We were deeply saddened to learn of the death of John McQueen last week. He was a remarkable artist. We had long admired his work from afar and over the years had placed several works that he showed at other galleries. We got to know him personally when he began to exhibit with browngrotta arts more than 15 years ago. He visited us in Wilton on several occasions and we traveled to upstate New York to see him and photograph him at work.

McQueen created three-dimensional items of twigs, branches, bark, and sometimes plastic and cardboard, all of material he harvested and collected. These objects included books, fish, birds, lions, and human figures, and vessels and structures, some basket like, others not. McQueen insisted that he was not a sculptor, but a basketmaker. Containment was a consistent interest. “Baskets connect with the definition of a container — a very broad concept. This room is a container. I am a container. The earth is being contained by its atmosphere. This is so open. I don’t need to worry about reaching the end of it.” (Quoted on the relationship in the catalog for his solo exhibition at the Renwick Gallery, Smithsonian American Art Museum, The Language of Containment, in 1992).

McQueen pushed the boundaries of his art form of choice throughout his working life. He created forms of pieced bark, using forms made of cardboard, “paintings” of plastic contained within frames of twigs and branches, and integrated sly and subtle messages throughout his works. Words entered his works in 1979 in Untitled #88, in which a web of words creates the container in part and conveys an idea — “Always is always a ways away.” His subsequent works abounded with puns, rebuses, and messages to be deciphered.

Man’s fruitless efforts to control nature were a frequent subject of McQueen’s art. As Vicki Halper observed in The Language of Containment, for McQueen “[t]he basket becomes an agent for investigating the fragile truce between humans and nature.” In Falling Fruit, for example, tiny stick figures are mounted beside sharks and palm trees made of twigs.
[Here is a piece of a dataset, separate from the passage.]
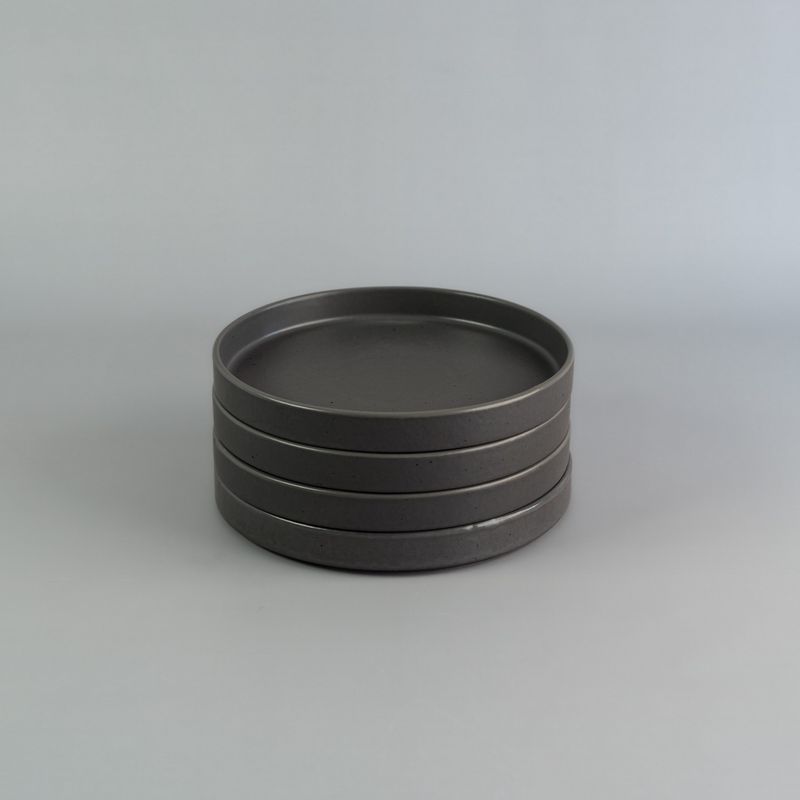 Plato-recto-21cm-Gris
We may think we can control our world, but McQueen’s camouflage-like scene suggests otherwise. As Nature does, McQueen offers surprising combinations that remind us that life is not predictable.

In 2022, McQueen decided to take on a project that would take him a year. This was an approach regularly taken by his life partner, artist Margo Mensing, who would choose a subject — generally a person — and spend a year creating artworks, poetry, performances, and multi-media installations in response. For McQueen, the result of his year’s work was 1000 Leaves, an assemblage of individually crafted structures that paid homage to trees, the source of the material that gave life to his work.

McQueen was born in Oakland, Illinois in 1943. He received a Bachelor’s degree from the University of South Florida in Tampa, Florida (where Jim Morrison was his roommate). After college he went to New Mexico where his interest in basketmaking began. Courses in weaving were a logical entry point to basketry so he enrolled in the Master’s program at Tyler School of Art in Philadelphia, where he studied with Adela Akers among others. He received many awards in his career including an artist fellowship from the New York Foundation for the Arts, a Visual Artist Fellowship from the National Endowment for the Arts, a Louis Comfort Tiffany Award, a United States/Japan Friendship Commission Fellowship, a Virginia A. Groot Foundation Award, the Master of the Medium Award from the James Renwick Alliance, and the Gold Medal from the American Craft Council. His work is found in numerous permanent collections, including that of the Museum of Arts and Design, Minneapolis Institute of Art, Philadelphia Museum of Art, the Kunstindustrimuseum, Trondheim, Norway, Detroit Institute of Art, Museum of Fine Arts Houston, and Wadsworth Atheneum Museum of Art.

McQueen’s art stirs powerful feelings in viewers, forcing them to think about construction and words, metaphysically and literally. “McQueen’s genius lies in finding a simple declarative means of speaking about paradox, essences, and fundamental truth,” Elizabeth Broun, then-director of the National Museum of American Art observed. His genius will be greatly missed.